Abstract— A significant fraction of the Earth's prebiotic volatile inventory may have been delivered by asteroidal and cometary impacts during the period of heavy bombardment. The realization that comets are particularly rich in organic material seemed to strengthen this suggestion. Previous modeling studies, however, indicated that most organics would be entirely destroyed in large comet and asteroid impacts. The availability of new kinetic parameters for the thermal degradation of amino acids in the solid phase made it possible to readdress this question.

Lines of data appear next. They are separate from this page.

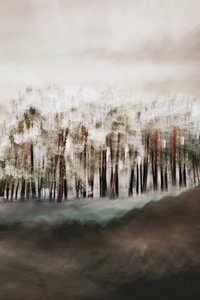 Sumuisen metsän rauha tekijältä Christina Sillen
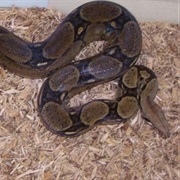 Escape a Boa Constrictor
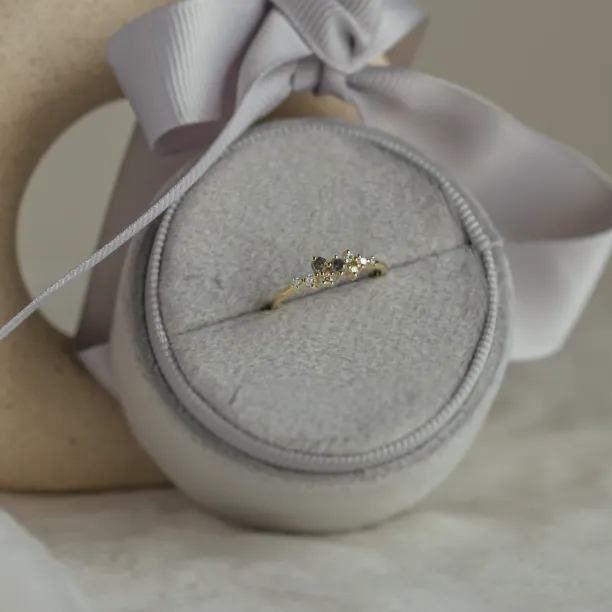Gold ring with salt and pepper diamonds CLARA Image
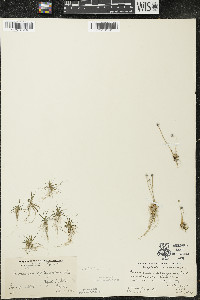 Eriocaulon aquaticum image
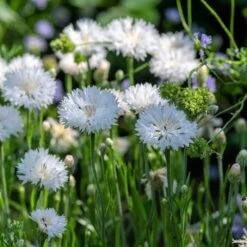 Cornflower / Bachelor Button Seeds - Tall White -Eden Brothers Shop cornflower tall white shk 4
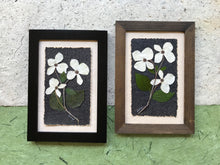 Real Pressed Dogwood Framed Picture by Pressed Wishes, Canadian Artists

We present the results of new high-resolution hydrocode simulations of asteroid and comet impact coupled with recent experimental data for amino acid pyrolysis in the solid phase. Differences due to impact velocity as well as projectile material have been investigated. Effects of angle of impacts were also addressed. The results suggest that some amino acids would survive the shock heating of large (kilometer-radius) cometary impacts. At the time of the origins of life on Earth, the steady-state oceanic concentration of certain amino acids (like aspartic and glutamic acid) delivered by comets could have equaled or substantially exceeded concentrations due to Miller-Urey synthesis in a CO2-rich atmosphere. Furthermore, in the unlikely case of a grazing impact (impact angle ∼5° from the horizontal), an amount of some amino acids comparable to that due to the background steady-state production or delivery would be delivered to the early Earth.